Some people practice thermal resistance: we don’t wear summer clothes in April. It’s an irrational impulse that starts every morning in the privacy of the closet. Then you wonder why this stuttering, when you see your reflection pass by in a shop window. Is it a contestation drive or a denial of reality? We are cowards, unable to throw black paint on the symbols of responsible bodies (the responsibility to take global anti-pollution measures is not ours; what we could do is vote carefully).

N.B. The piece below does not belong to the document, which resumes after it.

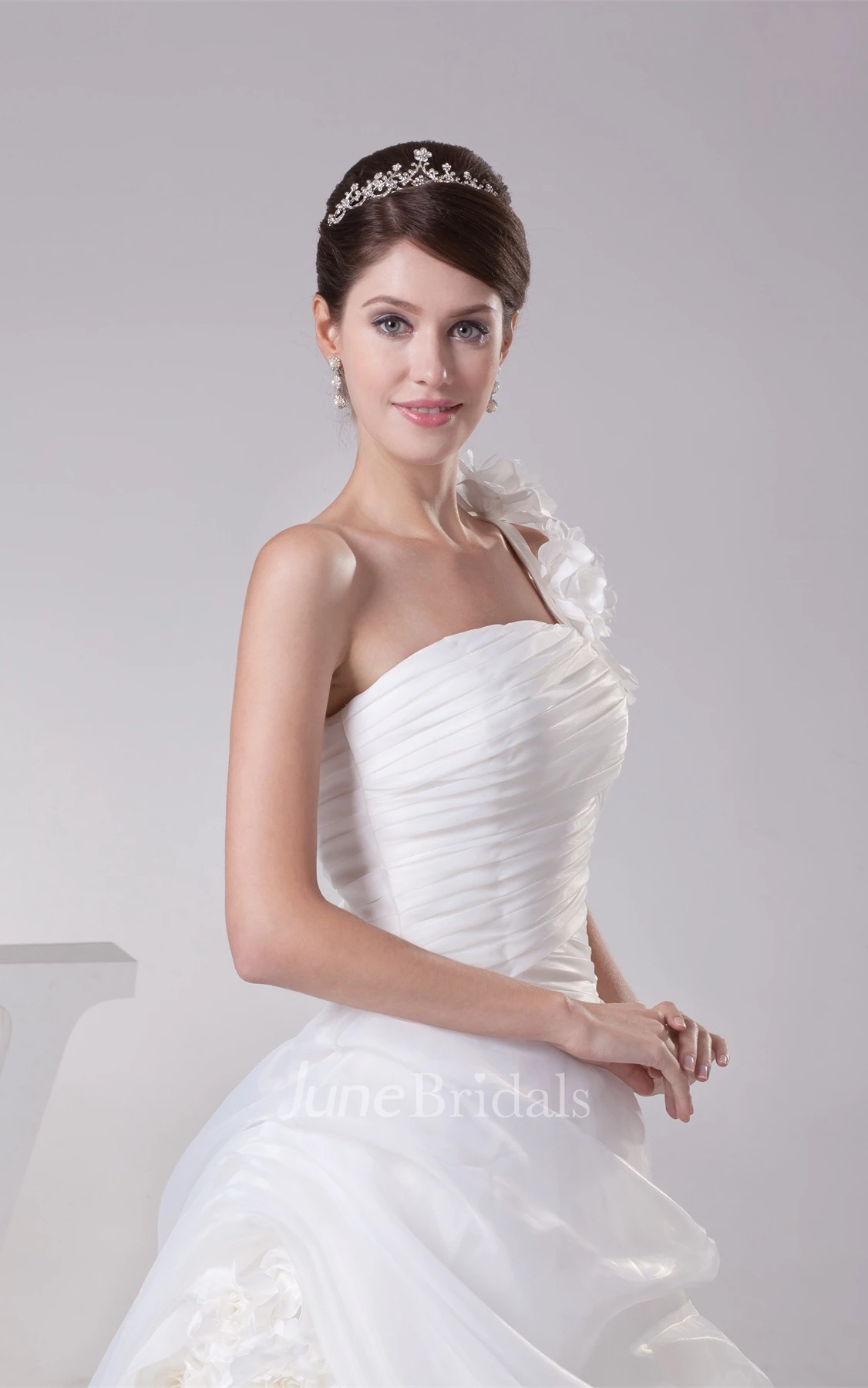 One-Shoulder Pick-Up A-Line Gown with Flower and Ruching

We are recognized in the streets because we wear long sleeves, long pants and a sweater hanging from the waist like a poor monkey. It doesn’t occur to us to wear suspenders. It would be like abandoning ship.

We are the rag resistance, confused people. And when we meet people in shorts and sandals, so cool, we feel a strange sadness; the situation is new, the sensations too. We would like to hold those people by the shoulders and try to make them understand – we don’t understand either – why we think it’s treason to put your toes in the air in April. This crushed spring deserves respect. A mourning

Then I’m on the phone with a friend and he asks what I’m writing. I summarize these lines for you. I love not knowing if it goes with shorts. I explain to him that I am now preparing to introduce, in this topic of environmental confusion, the case of a large hundred-year-old oak, a dying icon of a town. A wonderful tree that is devoured, from the inside, by a bug. The law decides to save the life of the insect, in extinction, at the expense of the tree. Even though the people of the town have the centuries-old custom of going to kiss under those magnificent branches, which, right now, could fall on their heads (it is said that there are neighbors secretly fumigating).

“Don’t you think that we would be a bit like the bug that eats the tree, metaphorically speaking?”, I ask my friend. “That insect is fulfilling its food function to survive, nothing comparable to our gratuitous destruction of the environment; we can choose”, he replies, about to crack up my article. But I’m not so sure anymore that we can choose a less destructive way of life, because we don’t.